In this week’s episode of The Learning Curve, co-hosts Prof. Albert Cheng of the University of Arkansas and the Center for Strong Public Schools’ Alisha Searcy speak with Julie Young, edupreneur, innovator, and author of Say Yes! How Virtual Became Reality. She reflects on the pivotal moment in 1997 when she said “yes” to launching Florida Virtual School, sharing what it meant to build a new model of education from the ground up with limited resources and bold vision. Young draws a clear distinction between emergency remote learning and higher-quality virtual education, explaining how confusion between the two during the pandemic negatively impacted students. She discusses early leadership lessons, including guidance from then-Governor Jeb Bush, and what it took to scale a model centered on “any time, any place, any path, any pace.” Young also explores how she built a dynamic organizational culture amid skepticism, and what lessons she carried—and intentionally left behind—when founding ASU Prep Digital. She offers insights on staffing innovation, leadership, and the opportunities and challenges AI presents for the future of education. In closing, she reads a passage from Say Yes!: How Virtual Became Reality.

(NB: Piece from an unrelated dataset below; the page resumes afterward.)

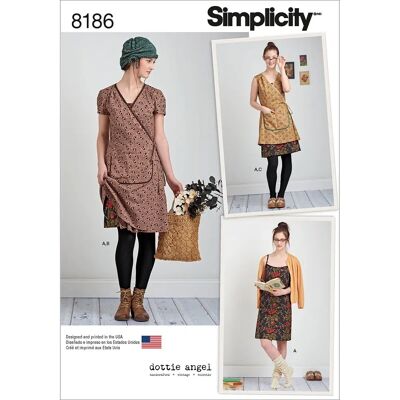 Simplicity Dottie Angel Dames Jurk Naai Patroon - Patroon Simplicity Dottie Angel Dames Jurk Naai Patroon - Patroon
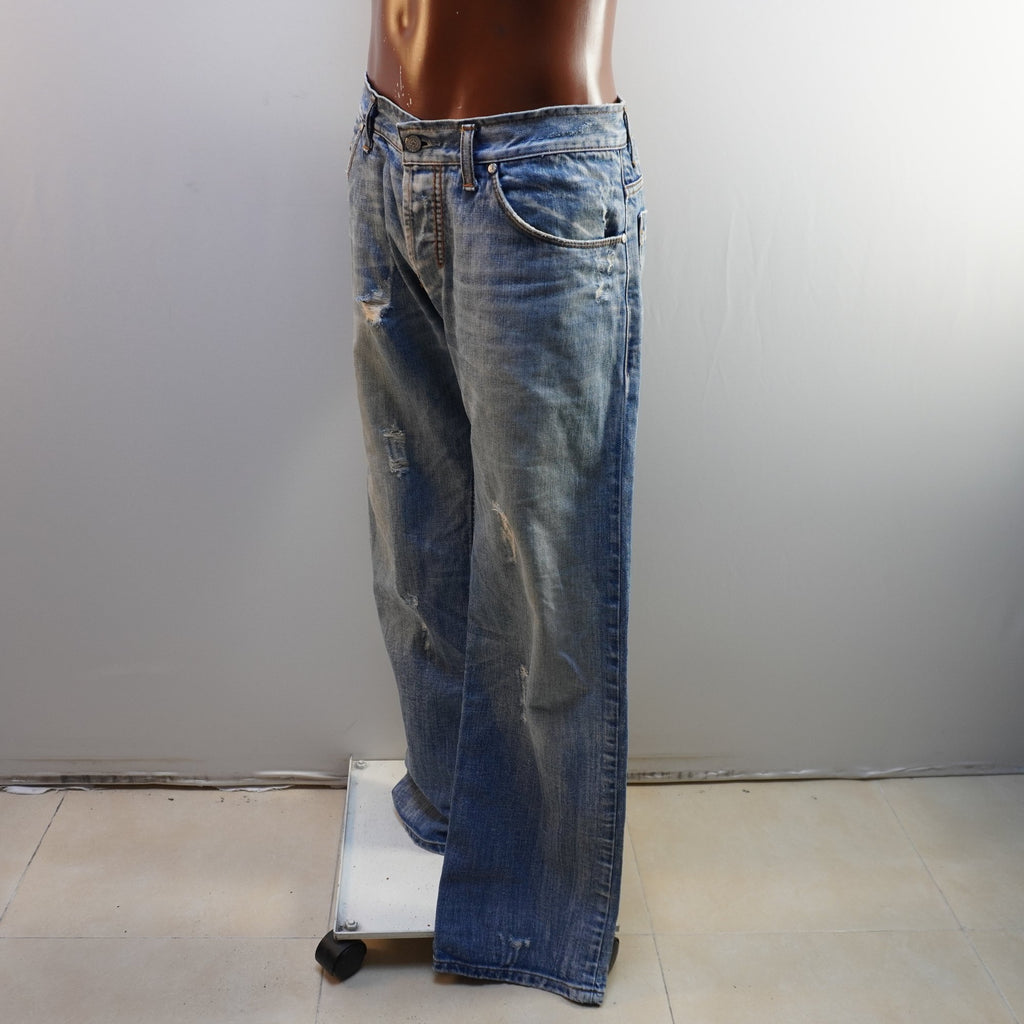 Vaqueros Takeshy Kurosawa para Hombre - Azul, XL Usados en Muy Buen Estado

Stories of the Week: Albert highlights an article from Education Next if governor’s can fix higher ed. Alisha shares a story from The Hill questioning if states that spend more on K-12 education produce better results.

Julie Young is an edupreneur—an educator, innovator, and visionary leader, renowned for her expertise in school design for diverse educational models, including virtual, blended, and technology-enhanced learning. She is the author of Say Yes!: How Virtual Became Reality (2026) and coeditor of Virtual Schools, Actual Learning: Digital Education in America (2025). As the Vice President of Education Outreach and Student Services at Arizona State University (ASU), and in her former role as CEO and Senior Advisor to ASU Preparatory Academy and ASU Prep Global, she has played a pivotal role in integrating innovative digital strategies into education. Young’s pioneering work began as the founding President and CEO of Florida Virtual School in 1997. In that visionary role, she not only embraced virtual schooling but helped lay the groundwork for an entire industry. She envisioned and built FLVS into a trailblazing incubator, continually testing and evolving innovative digital learning models while cementing Florida’s reputation as an epicenter of virtual school advancement. Young led FLVS as its President and CEO for over 17 years, building one of the nation’s first fully-online public schools, while exploding enrollment made it the largest state virtual school in the United States. Her transformative tenure set key precedents for the future of education reinvention in the digital age.